# [Exercise inputs]
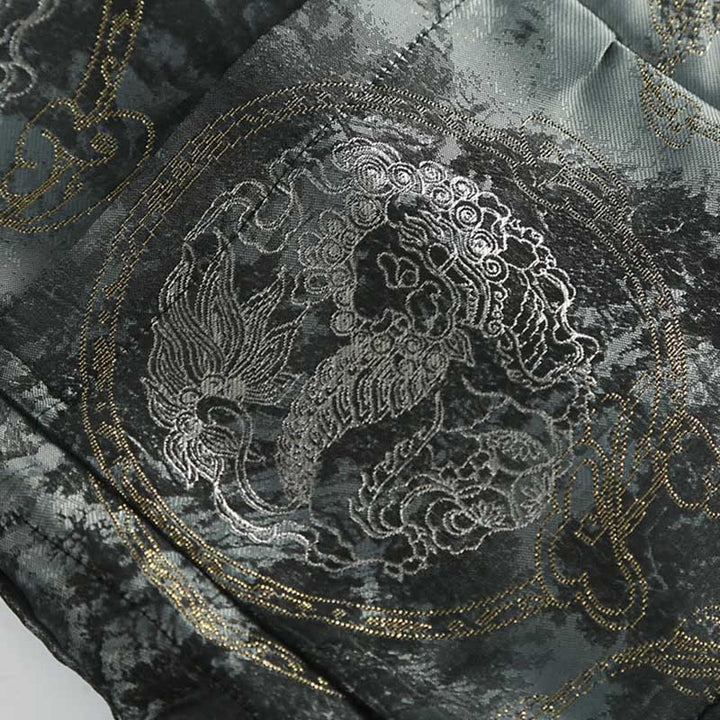 Buddha Stones Kirin Mountains Frog-Button Langarm Herrenjacke mit Taschen - image 9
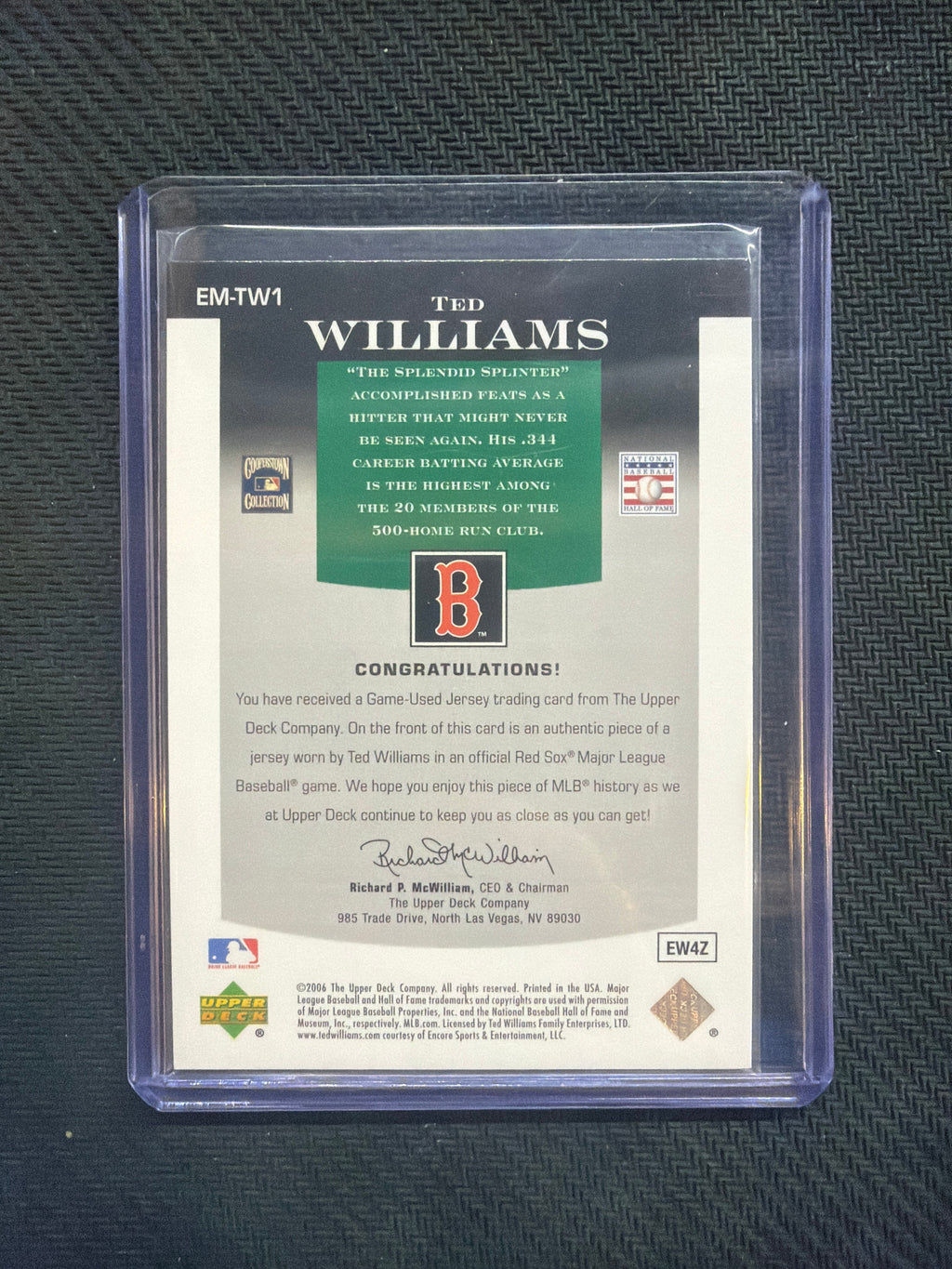 2006 Upper Deck Ted Williams Epic Materials /75 GAME USED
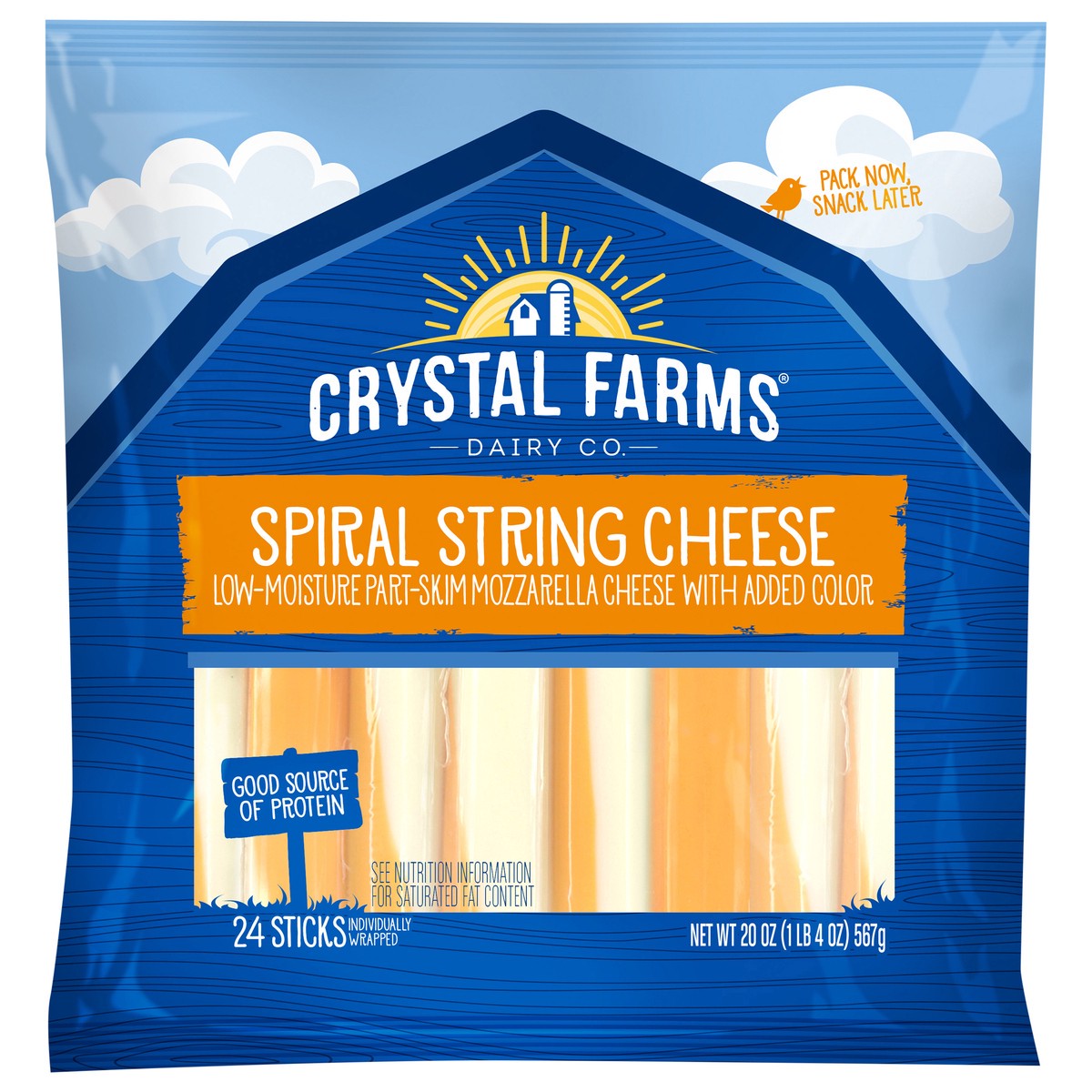 slide 1 of 6, Crystal Farms String Cheese, Spiral, Low-Moisture, Part-Skim, Mozzarella, 20 oz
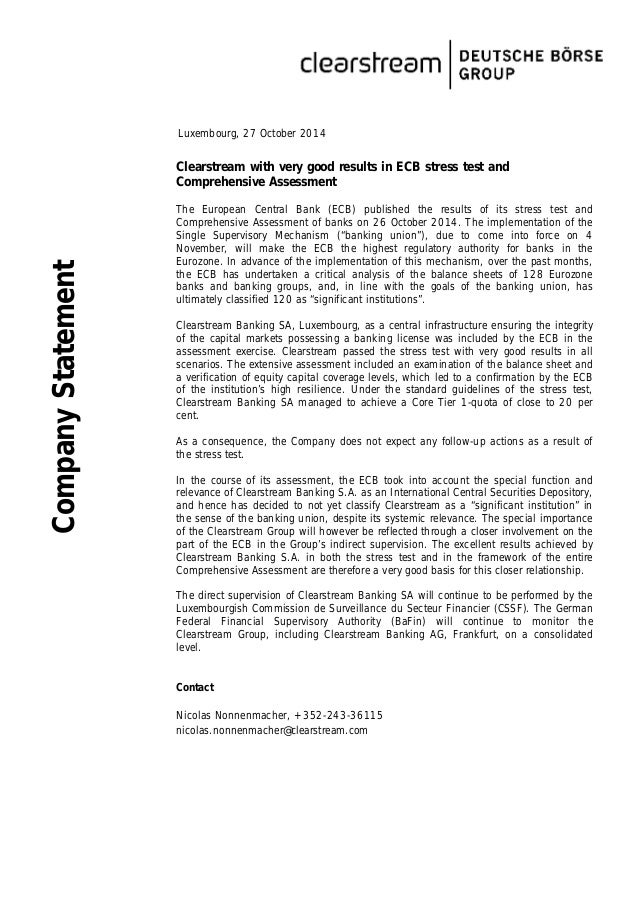 Statement Clearstream Passes Ecb Stress Test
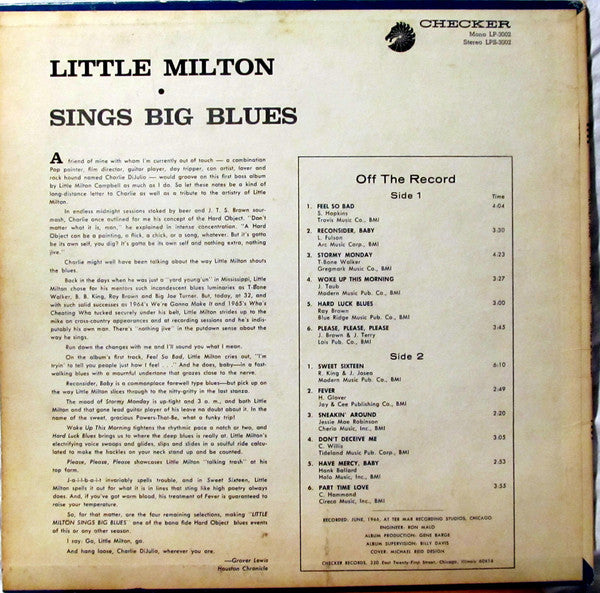 Little Milton : Sings Big Blues (LP, Album, Mono)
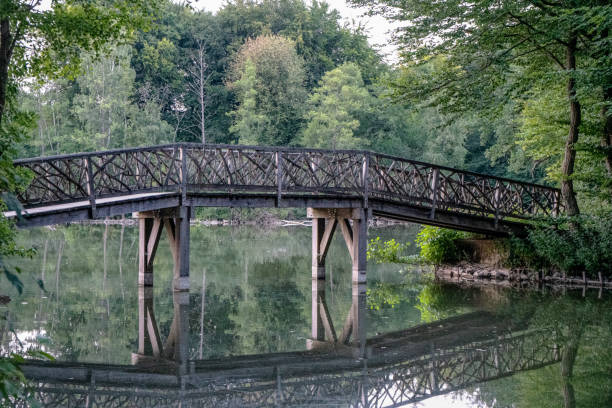 istock A bridge over a lake for visitors. 1345649388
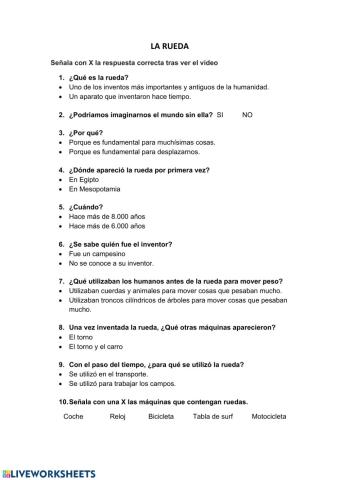Comprensión vídeo la rueda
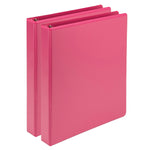 Samsill Fashion Colors 1" View Binders, 3-Ring , Made in USA, Pink, 2/Pack (U86376)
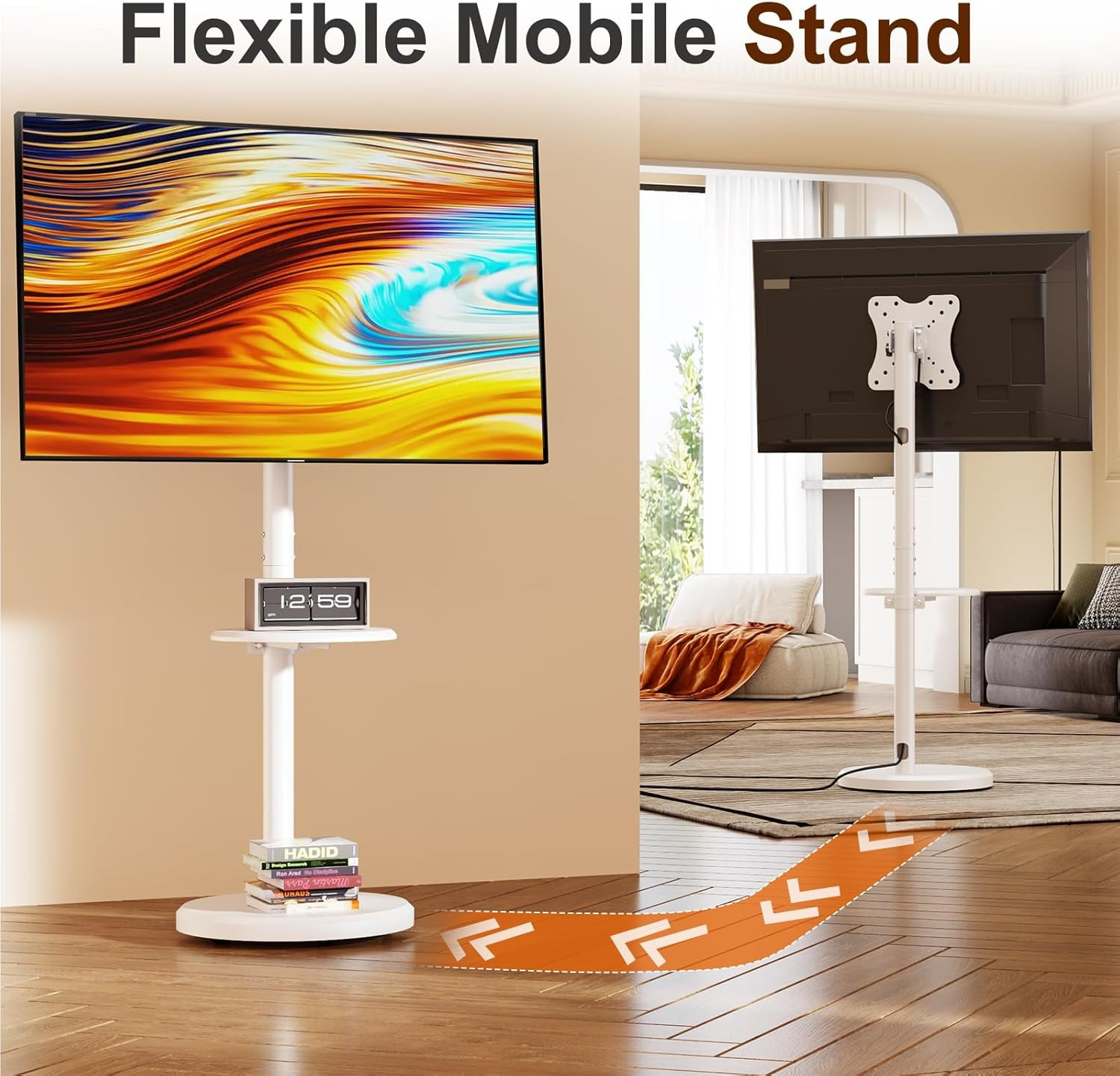 Rolling TV Stand with Wheels for 10-46 Inch Flat Screen Tvs up to 88Lbs, Height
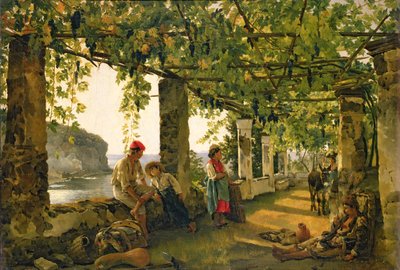 Veranda con viti intrecciate, 1828 da Silvestr Fedosievich Shchedrin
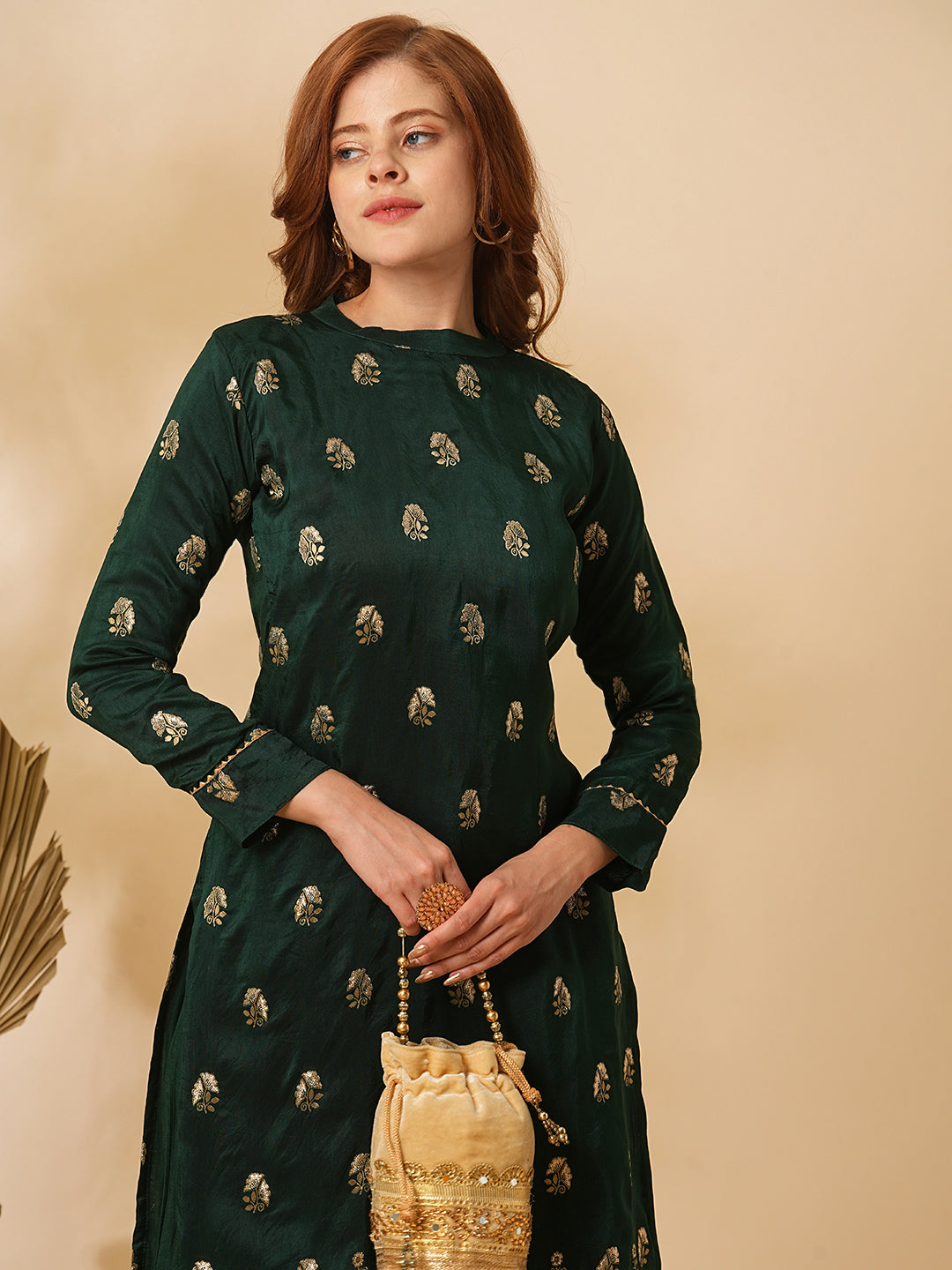 Fashor Ethnic Floral Zari Jacquard Straight Fit Kurta with Pant - Green - view 3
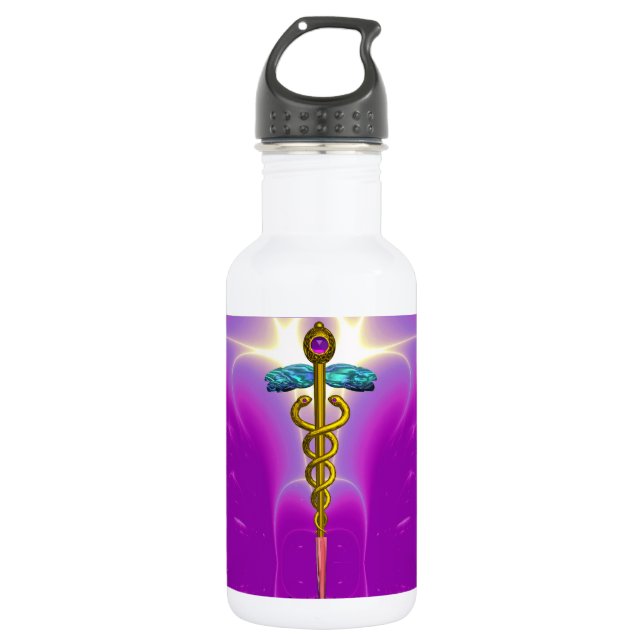 CADUCEUS,Vibrant Gold Amethyst 532 Ml Water Bottle (Front)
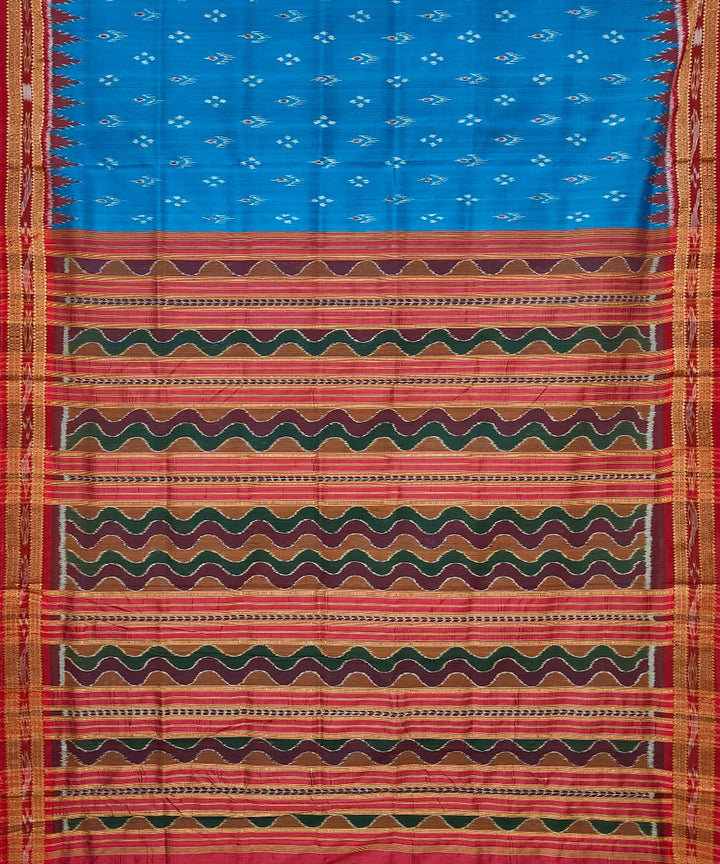 Red cupper sulphate blue cotton silk handwoven khandua saree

# [Task statement]
With the pictures set aside, return each line of the listing exactly as given.

# [Written response]
 Buddha Stones Kirin Mountains Frog-Button Langarm Herrenjacke mit Taschen - image 9
 2006 Upper Deck Ted Williams Epic Materials /75 GAME USED
 slide 1 of 6, Crystal Farms String Cheese, Spiral, Low-Moisture, Part-Skim, Mozzarella, 20 oz
 Statement Clearstream Passes Ecb Stress Test
 Little Milton : Sings Big Blues (LP, Album, Mono)
 istock A bridge over a lake for visitors. 1345649388
Comprensión vídeo la rueda
 Samsill Fashion Colors 1" View Binders, 3-Ring , Made in USA, Pink, 2/Pack (U86376)
 Rolling TV Stand with Wheels for 10-46 Inch Flat Screen Tvs up to 88Lbs, Height
 Veranda con viti intrecciate, 1828 da Silvestr Fedosievich Shchedrin
 Fashor Ethnic Floral Zari Jacquard Straight Fit Kurta with Pant - Green - view 3
 CADUCEUS,Vibrant Gold Amethyst 532 Ml Water Bottle (Front)
 Red cupper sulphate blue cotton silk handwoven khandua saree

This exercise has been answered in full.